Ezra Klein has aggregated a variety of takes on the ruling of the Federal Judge from Florida here. I don't have anything enlightening to add to the legal questions, but leave all this here:
  • If the ACA is repealed in its entirety, then the status quo health care system will bankrupt our country.
  • If the ACA is implemented in its entirety, we will still have to do more on costs to develop a sustainable health care system, which is a necessary but not sufficient condition for a sustainable federal budget.
Regardless of what the Honorables say, we need to work the policy problems and there is much to do. It will take both sides to achieve success.

Update: and a short history of the individual mandate for health insurance, here, via NPR from last February. Another update: Health Affairs blog on the judicial opinion.


  1. I agree with you. The more I have learned about ACA the more I became convinced that the problem with health care reform in the United States is our unwillingness to reform comprehensive health care plans. If the big ideas behind ACA are going to work, they should be driving down health care costs in Massachusetts. Arguably Massachusetts received a bonanza when it convinced the uninsured to start overpaying for their health insurance and yet their lowest cost health care plan is $1000 per month more expensive that one in Ohio. Obviously the uninsured are not the problem with health cost growth in Massachusetts. The problem is our "double or nothing" bet that the comprehensive health care model is the solution. Comprehensive health care plans have been good to us over the years but they never have been good about cost control. Around 85% of the country is covered by comprehensive health care plans. Our health cost growth problem started with comprehensive health care plans and it will end with them.
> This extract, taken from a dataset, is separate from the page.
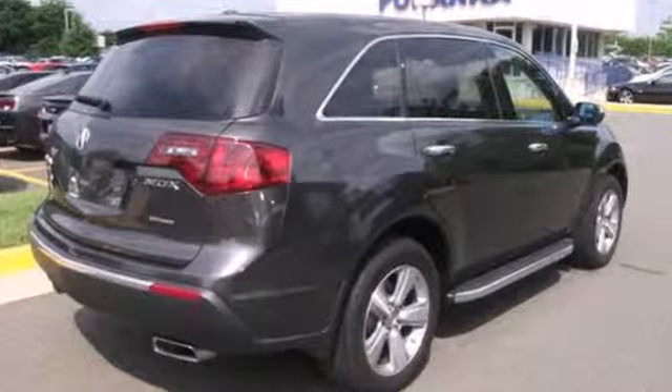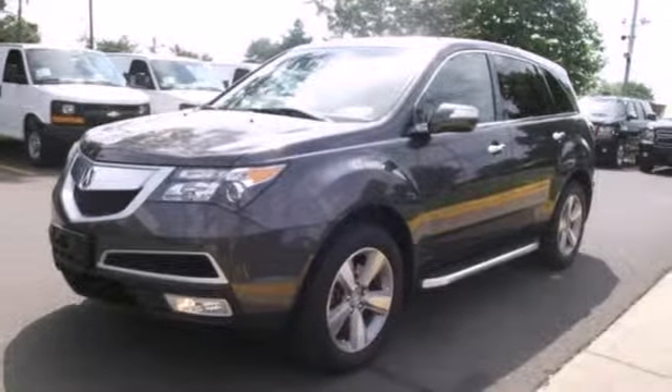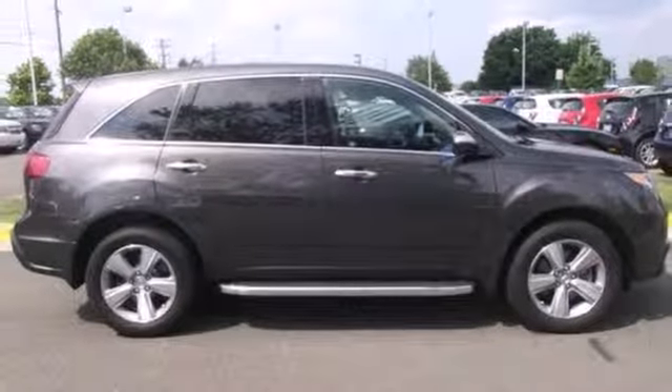Safety is assured with its ventilated front and rear anti-lock brakes and multiple airbags. Offering superb performance and luxury, test drive this Acura today.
The time for these plans has come and gone. The more we try to save and extend comprehensive health care, the bigger the spending hole we dig. I don't think we can tweak ACA to make it work. Unfortunately I think the political model for handling this situation is the same model we are using to resolve "bankruptcy" issues with the states and cities.

  2. I can see multiple routes to dealing with costs via implementation of the ACA and changing/improving the law. If it were repealed fully, I don't see a way forward. I don't have any confidence based on the Republican's past record on health reform (which is to be vehement in opposition and silent in power) that they will ever get around to the replace part.